* **PROBLEM DESCRIPTION**
Transcribe the entries below word for word, beginning at the line with "In order to" and stopping after the line with "I select the"; drop all pictures.

* **DATASET**
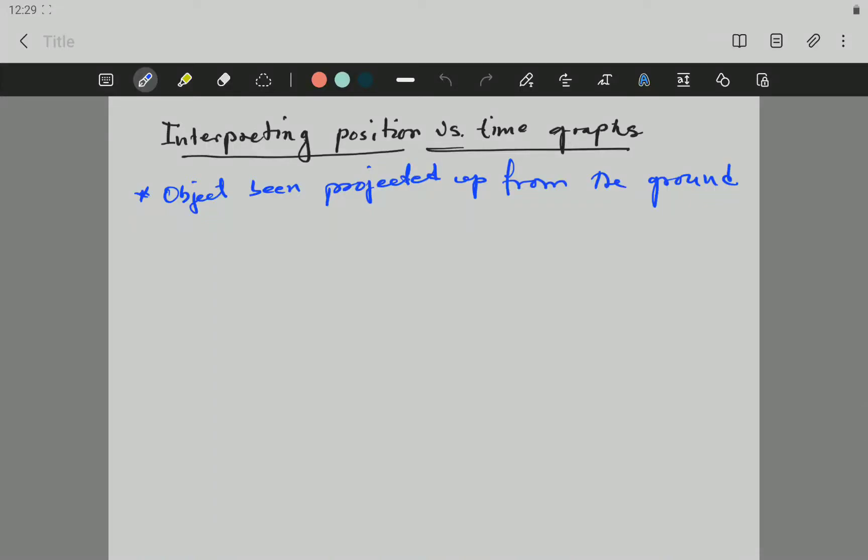Hello Grade 12, Mr G here. Previously we did a video on how to understand the graph of velocity versus time. So let's make the second video, which is how to understand the graph of position versus time. I think this one is easier because all you have to do is picture what the object is doing with time. The video will be shorter and I hope you understand.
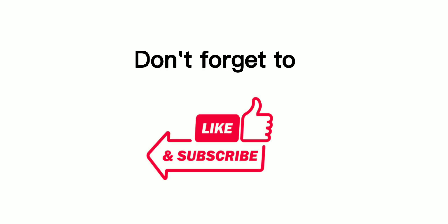This was all about Labov's narrative model. Hope it would be helpful for you. Don't forget to like, share and subscribe.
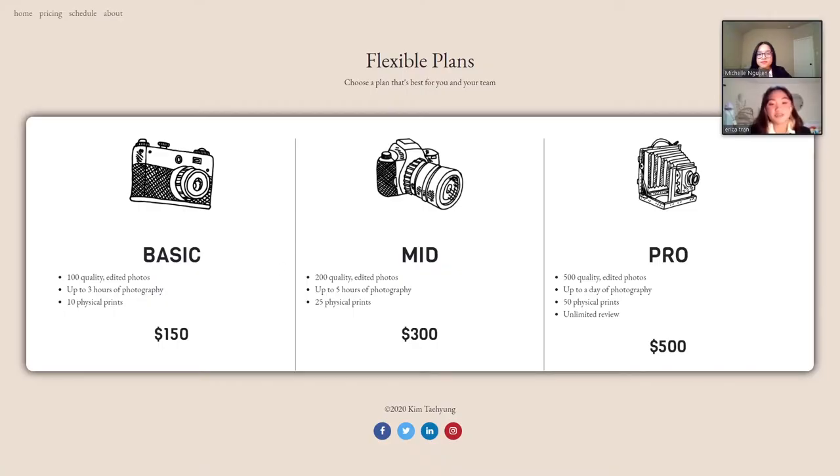To view pricing packages, you can travel to the pricing page, which lays out the packages that Kim offers with pictures.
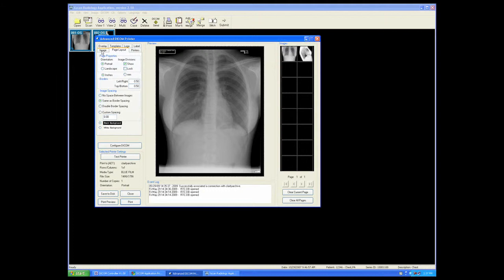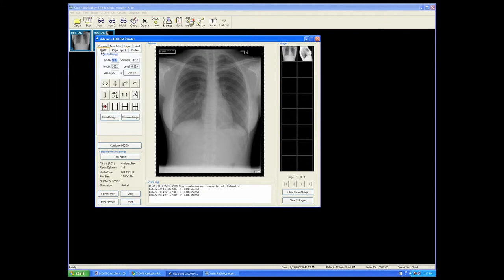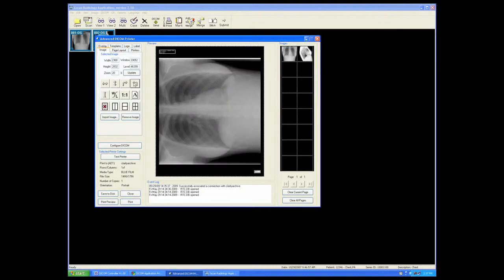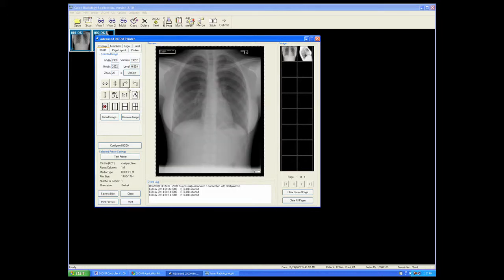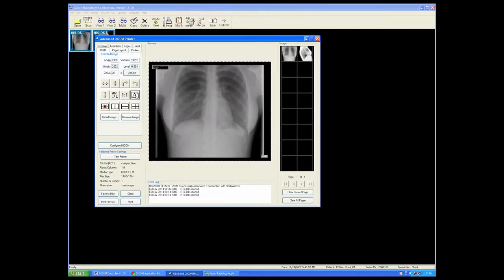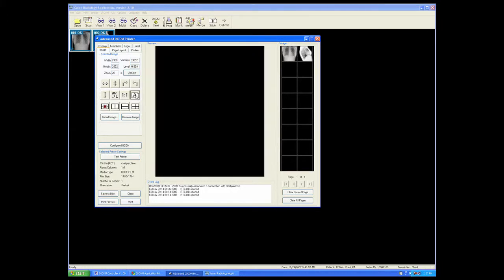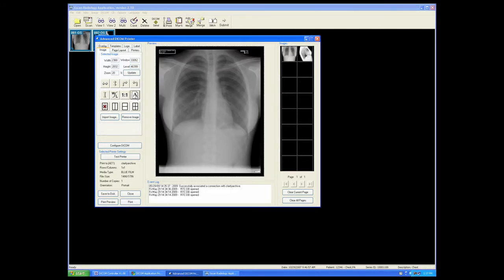We can also orient the image, choose landscape or portrait mode, segment our printer for multiple images.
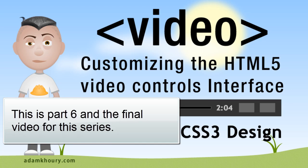Welcome to the final part of customizing the HTML5 video controls. In this video we'll show some design tips for customizing the video player to match your specific brand or your specific site design.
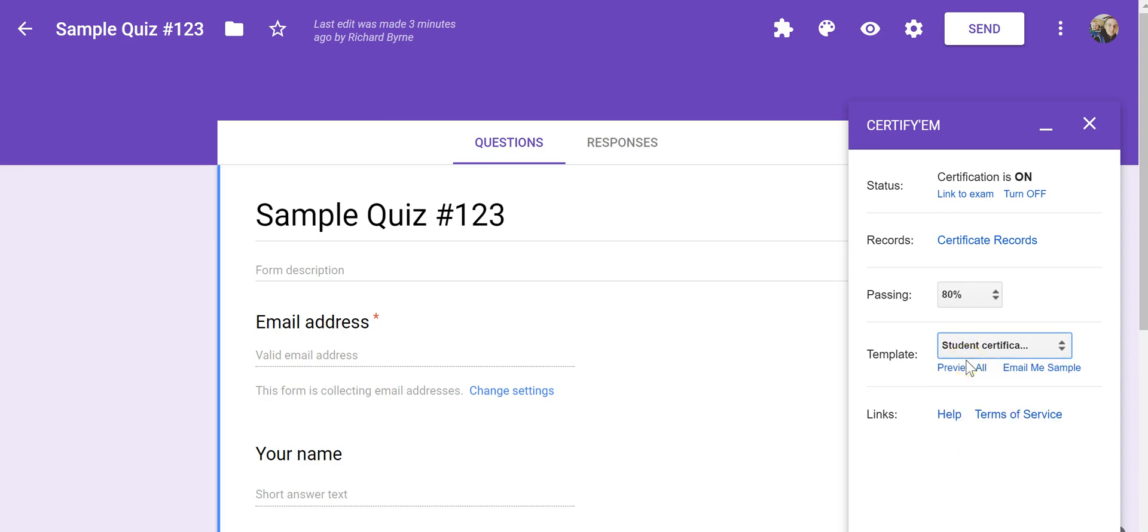So that's how you can create a Google Form quiz that automatically sends a certificate to your students. As always, for more tips and tricks like this, please check out freetechforteachers.com and practicaledtech.com.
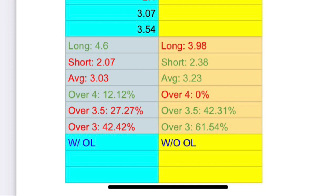With the offensive line, we had more plays that were extended beyond the 4-second mark. However, this isn't that helpful because it's seemingly random as to when that occurs — you have no idea when you're going to have more time in the pocket. And when we took out the offensive line, our average actually went up: plays averaged 3.23 seconds versus 3.03 seconds with the offensive line.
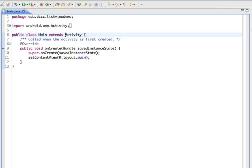In order to create our example of a list view, I've created a new project and just named it 'List View Demo' and opened up the main Java file. I haven't made any changes to this project at all. To begin with, our main class extends Activity. We're going to revise that to instead extend ListActivity.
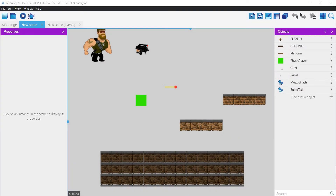Welcome to part 5 in our tutorial series on how to develop a Contra-like game with GDevelop. This video should have included both the camera movement and the first installment of enemies. But due to some problems with features that were not working as expected, we have decided to divide part 5 into two subparts A and B. Part A will focus on the camera movement, and Part B will focus on the enemies and their artificial intelligence.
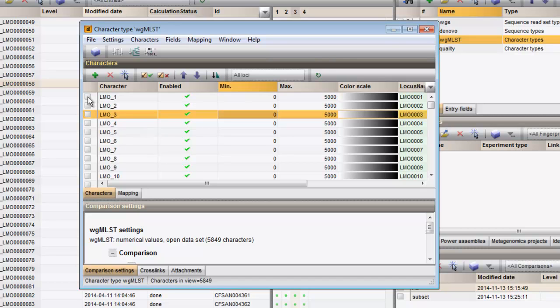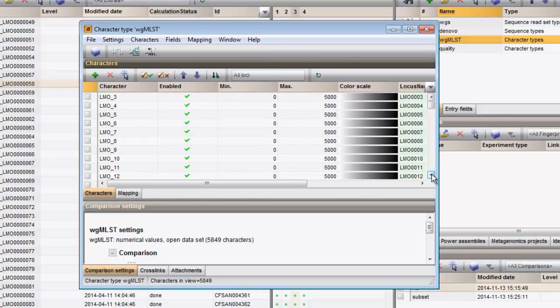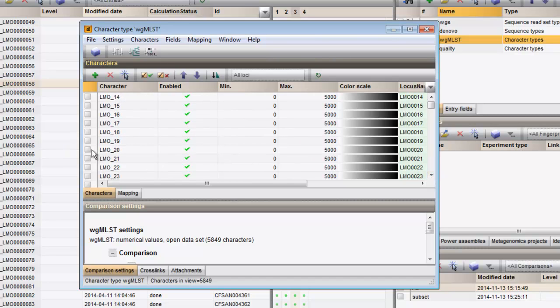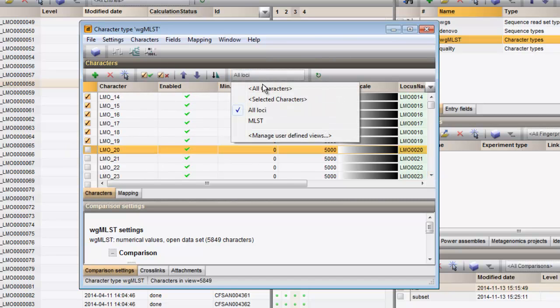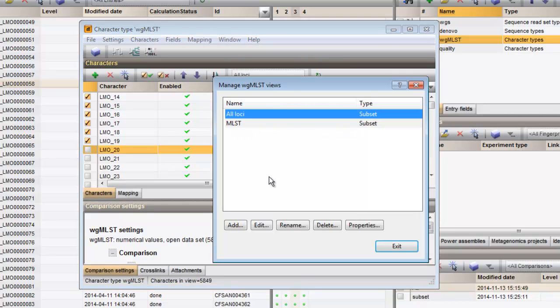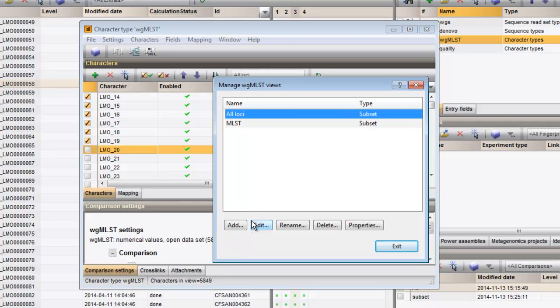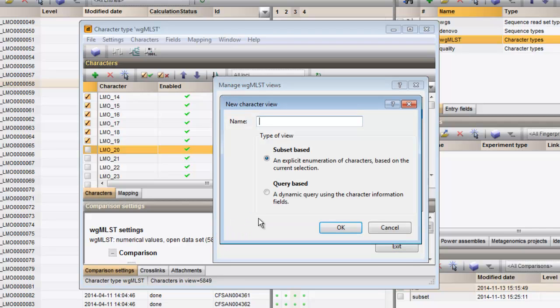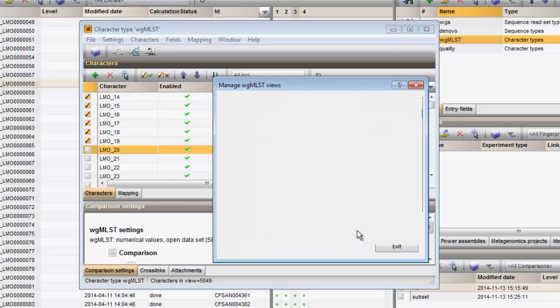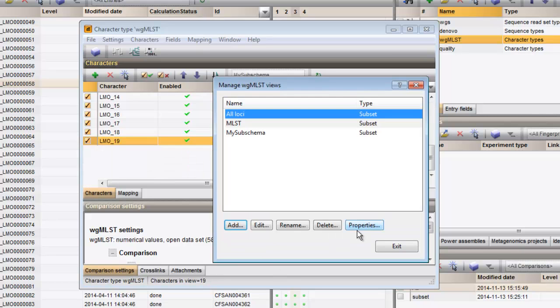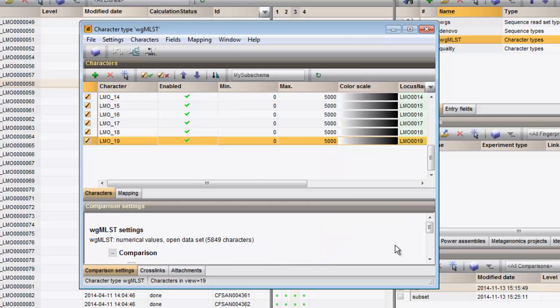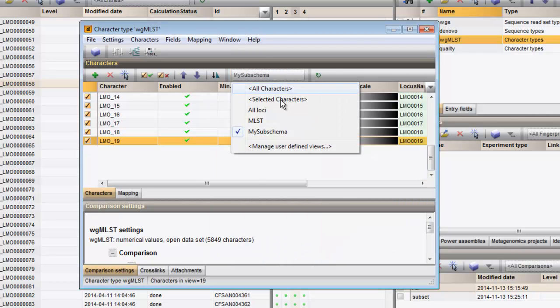I select the number of Loci and I add a new view. I can now toggle between the different views.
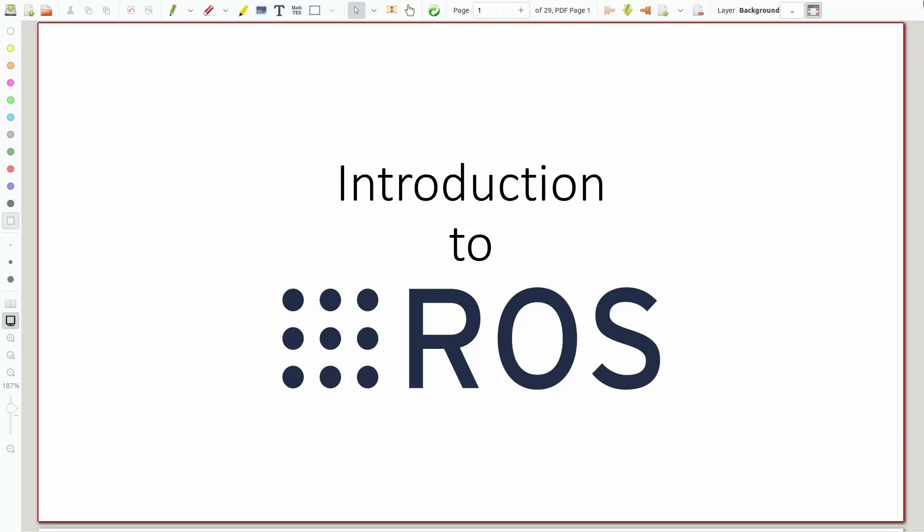Welcome to the first video in the ROS series. In these videos, we'll be diving into the robot operating system to show you how you can use it in your RoboJackets projects.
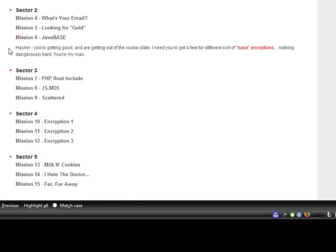Hacker, you're getting good and are getting out of the rookie state. I need you to get a feel for a different sort of base encryptions. Nothing dangerously hard. You're my man.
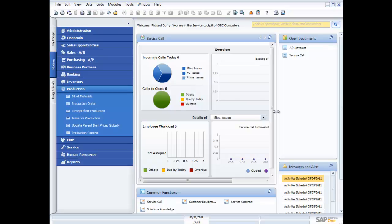Hi, my name's Richard Duffy. I am the SAP Business One Product Evangelist, and I'm part of the SAP Global Small and Midsize Enterprise team. On behalf of SAP and our partners, I'd like to welcome you to today's live demonstration of SAP Business One.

* **RESPONSE TO THE EXERCISE**
In order to create our example of a list view, I've created a new project and just named it 'List View Demo' and opened up the main Java file. I haven't made any changes to this project at all. To begin with, our main class extends Activity. We're going to revise that to instead extend ListActivity.
Welcome to part 5 in our tutorial series on how to develop a Contra-like game with GDevelop. This video should have included both the camera movement and the first installment of enemies. But due to some problems with features that were not working as expected, we have decided to divide part 5 into two subparts A and B. Part A will focus on the camera movement, and Part B will focus on the enemies and their artificial intelligence.
I select the number of Loci and I add a new view. I can now toggle between the different views.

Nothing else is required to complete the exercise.